Abundam histórias acerca de desentendimentos entre Agustina Bessa-Luís e Manoel de Oliveira, que chegou a fazer um desabafo sumarento aquando da apresentação de “Espelho Mágico”, no Festival de Veneza. “Agustina gosta de não gostar dos meus filmes. Mas eu gosto que ela não goste”, disse o realizador, capaz de uma ironia gritante. Garante, no entanto, Paulo Branco que essa “era uma coisa que nos passava ao lado” e que “geriam entre eles”.
Recordando Agustina como “uma personagem absolutamente única”, capaz de “diálogos fantásticos” e “com ideias muito próprias”, o produtor cinematográfico não tem dúvidas em afirmar que uma “parte essencial da obra de Manoel de Oliveira” se deve à “relação entre dois monstros”, no melhor sentido da palavra. “Para mim, os grandes filmes dele foram aqueles em que houve uma colaboração com Agustina”, afirma Paulo Branco, equiparando-os apenas às longas-metragens em que o realizador tirou partido do génio de Camilo Castelo Branco e do Padre António Vieira.

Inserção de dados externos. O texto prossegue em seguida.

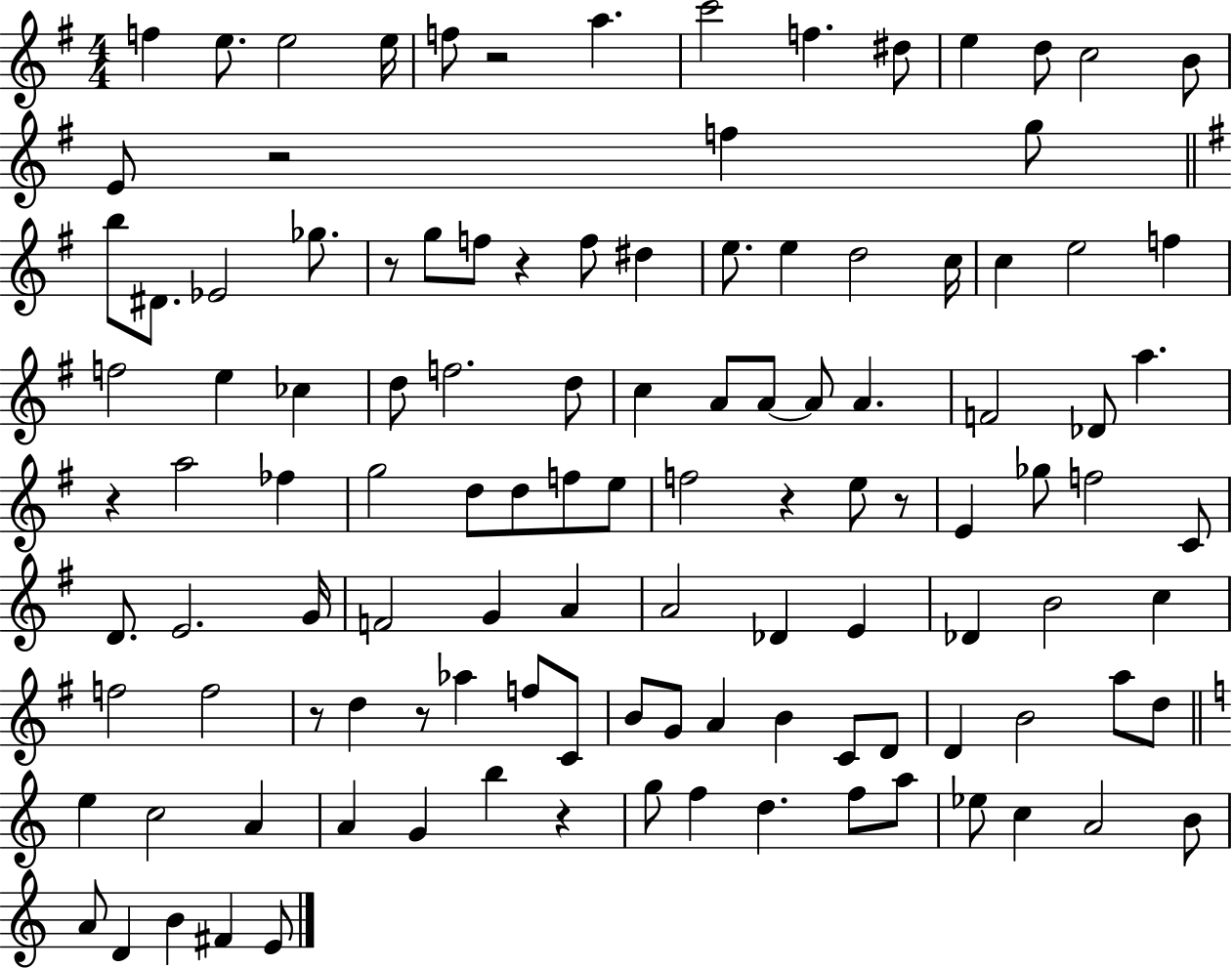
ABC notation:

X:1
T:Untitled
M:4/4
L:1/4
K:G
f e/2 e2 e/4 f/2 z2 a c'2 f ^d/2 e d/2 c2 B/2 E/2 z2 f g/2 b/2 ^D/2 _E2 _g/2 z/2 g/2 f/2 z f/2 ^d e/2 e d2 c/4 c e2 f f2 e _c d/2 f2 d/2 c A/2 A/2 A/2 A F2 _D/2 a z a2 _f g2 d/2 d/2 f/2 e/2 f2 z e/2 z/2 E _g/2 f2 C/2 D/2 E2 G/4 F2 G A A2 _D E _D B2 c f2 f2 z/2 d z/2 _a f/2 C/2 B/2 G/2 A B C/2 D/2 D B2 a/2 d/2 e c2 A A G b z g/2 f d f/2 a/2 _e/2 c A2 B/2 A/2 D B ^F E/2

Manoel de Oliveira também filmou Agustina no documentário autobiográfico “Porto da Minha Infância”, lançado em 2001, mas nem só dele viveu o envolvimento da escritora com a sétima arte. Mais recentemente, em 2009, João Botelho adaptou o romance “A Corte do Norte”, que anos antes estivera perto de ser realizado por José Álvaro de Morais. Baseada na vida da atriz do século XIX Emília de Sousa, que casou com um milionário madeirense, a longa-metragem foi protagonizada por Ana Moreira.